Nekat, aku pergi membawa motor kesayanganku pergi ke arah kota. Kafe-kafe yang kami sering datangi, Tempat-tempat lain yang aku tahu dia sering datang, semuanya, tapi aku tetap tidak menemukan keberadaan suamiku.
Aku mengetik sebuah pesan pada Doni. Aku tahu, dialah yang membawa suamiku hingga mengenal perempuan itu. Tapi dia juga yang paling dekat dengannya. Jadi, semoga saja dia sedang bersamanya.
[Loh, saya lagi ada di rumah, Mbak. Kami enggak ada janjian untuk nongkrong bareng jadi ya semuanya pada di rumah masing-masing.]
Aku terduduk di pinggir jalan. Jam sudah menunjukkan pukul 3 dini hari, jam yang rawan untuk seorang wanita tanpa bakat bela diri seorang diri di pinggir jalan seperti ini. Tapi, rasanya aku benar-benar sudah kehilangan harapan. Pantas saja rumah-rumah mereka dan tempat tongkrongan terlihat sepi. Ternyata mereka sedang berada di rumah masing-masing.
Dan hanya suamiku, Mas Hendra yang tidak kembali ke rumah.
Aku menangis di pinggiran jalan itu. Ntahlah akan dibawa kemana pernikahan kami ini. Lanjutkan? Sedangkan suamiku tampaknya sudah terpikat janda semok berprofesi pelacur itu. Mengizinkan mereka nikah siri? Ah, hatiku takkan sanggup jika diduakan seperti itu.
Malam itu, aku baru benar-benar sadar... mungkin cinta saja memang tidak cukup untuk membuat seseorang bertahan.

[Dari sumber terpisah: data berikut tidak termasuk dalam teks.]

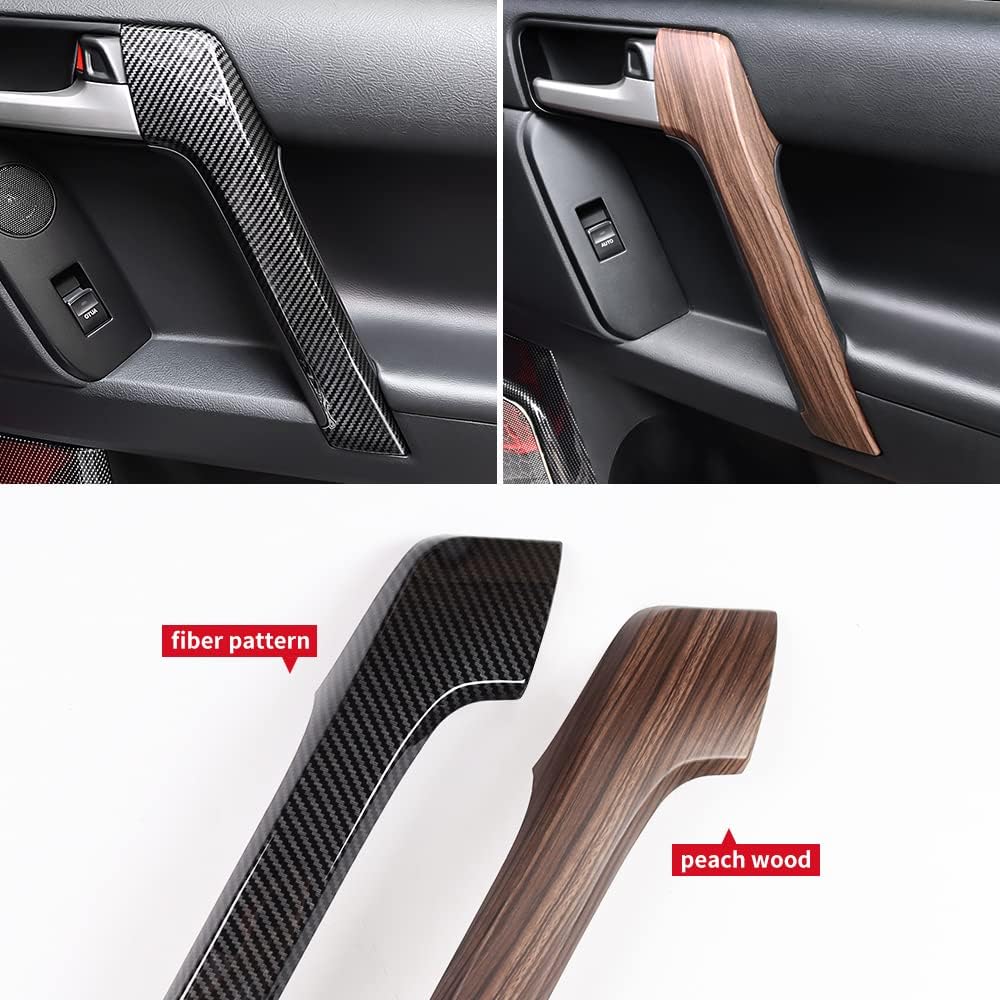 

RONGSEN for Toyota Land Cruiser Prado 150 2010-2023 2020 2021 2022 Replacement of Door Large armrest Frame Modification Accessories (Fiber Pattern)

Dengan lemas lunglai, aku membawa motorku kembali melintasi jalanan yang sepi. Pikiranku melayang kemana-mana. Ke masa perkenalan kami, awal pernikahan yang penuh perjuangan, kehidupan kami yang perlahan membaik, lalu... masalah ini. Rasanya sedih sekali jika setelah semua yang kami lalui, pada akhirnya tetap seperti ini.
Tapi, nasib memang tidak ada yang tahu, kan?
Aku sampai di rumah. Tubuhku seolah membawa motor ini secara auto pilot sehingga meski sambil melamun pun, aku tetap sampai di rumah.
Setelah memasukkan motor ke garasi, aku segera masuk ke dalam kamar dan mengunci diri. Kembali, diri ini menangis terisak di dalam kamar. Aku kurang apa lagi? Apa lebihnya wanita itu daripada aku, istri yang sudah menemaninya selama 15 tahun?
Pertanyaan-pertanyaan itu terus berkelindan di kepalaku, hingga kemudian... aku mengambil ponsel milikku yang sempat aku lempar ke atas ranjang secara asal tadi.
[Mei, bunda mau liburan selama beberapa hari di tempat kamu, ya?]
Aku mengirim pesan itu pada putriku. Karena mungkin, jauh darinya adalah satu-satunya cara untuk tetap waras.